A Endesa vai fechar a central de ciclo combinado do Pego, em Abrantes, enquanto vigorar a suspensão da garantia de potência, cumprindo a ameaça feita quando o Governo começou a pôr em causa os incentivos à disponibilidade das centrais térmicas.

“Vamos hibernar a central e por tempo indeterminado, porque não sabemos quanto tempo dura esta medida”, afirmou hoje o presidente da Endesa Portugal, Nuno Ribeiro da Silva, acusando o Governo de “má-fé e incumprimento das negociações”.

Em declarações à Lusa, Nuno Ribeiro da Silva reconheceu que esta decisão limita a ação comercial da Endesa no setor elétrico e impede a empresa de competir no setor do gás, além de colocar problemas ao país em caso de seca prolongada e de falta de vento, como aconteceu no primeiro trimestre do ano.

O Governo revogou a garantia de potência, renda anual que o sistema eléctrico paga aos produtores para compensar os dias em que as centrais térmicas estão paradas e de sobreaviso, decidida pelo Executivo de Sócrates em agosto de 2010, que voltará a ser reposta “a partir do final do Programa de Assistência Financeira até ao final da vida útil de cada centro electroprodutor”.

No caso da Endesa, está em causa o pagamento anual de 16 milhões de euros, por a central do Pego, em Santarém, um investimento de 580 milhões de euros, estar disponível mais de 90 por cento do tempo nos períodos tarifários de ponta, que “em Janeiro e Fevereiro, teve uma utilização superior a 50 por cento”, de acordo com Nuno Ribeiro da Silva.

O presidente da Endesa explicou à Lusa que a paragem da central térmica, que iniciou actividade no final de 2010, ao abrigo do quadro regulamentar agora revogado, vai significar uma queda da renda paga à REN, gestora da rede de gás e de electricidade, que ronda os 16 milhões de euros.

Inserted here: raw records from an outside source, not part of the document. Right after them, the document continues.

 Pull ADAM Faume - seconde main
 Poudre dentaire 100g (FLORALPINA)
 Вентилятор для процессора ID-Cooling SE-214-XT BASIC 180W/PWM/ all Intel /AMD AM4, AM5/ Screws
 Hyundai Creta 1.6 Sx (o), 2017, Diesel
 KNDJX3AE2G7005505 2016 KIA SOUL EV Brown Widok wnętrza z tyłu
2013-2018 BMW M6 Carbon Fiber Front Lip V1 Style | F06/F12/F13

“Custávamos 16 milhões em termos de garantia de potência, que é paga em todo o lado, que é o valor que pagávamos à REN, contribuindo para amortizar os custos com a infra-estrutura do gás, com a pressão que isso representa no preço do gás”, declarou.

Em caso de seca prolongada, Ribeiro da Silva deseja “boa sorte”, realçando que a central do Pego “foi importante nestes três meses, com uma utilização superior a 50 por cento nos primeiros dois meses do ano”, em que a produção hidroeléctrica caiu abruptamente devido à seca prolongada.

Ao mesmo tempo, realçou, “é um tiro no porta-aviões da concorrência e frusta todo o trabalho que a Endesa tem vindo a fazer desde 2003″, considerando que contraria “outro princípio da ‘troika’, porque vai reforçar o monopólio da EDP na produção e também na comercialização e é um retrocesso na liberalização do sector eléctrico”.

Segundo Ribeiro da Silva, “a Endesa ficará limitada na sua acção comercial no sector eléctrico e inibida de competir no sector do gás, considerando que retirar o activo do mercado é condenar os compromissos de liberalização do mercado assumidos nos acordos com a ‘troika’”, constituída pelo Fundo Monetário Internacional, Banco Central EuropeuComissão Europeia.

O presidente da Endesa explicou que teve três reuniões com o actual secretário de Estado da Energia, Artur Trindade, considerando que “o princípio da boa-fé negocial foi subvertido pelo Governo”.

Em cima da mesa das negociações, adiantou, esteve a possibilidade das empresas que beneficiam de garantia de potência – EDP e Endesa – “fazerem um esforço”, através de “uma engenharia temporal, por extensão de vida das centrais ou por aumento do tempo de remuneração das centrais”.

Mais, Ribeiro da Silva defendeu que “é um perfeito absurdo a referência ao programa de assistência, que tem a ver com controlo do défice público e não há um euro do Estado que vá para pagar estas rendas”.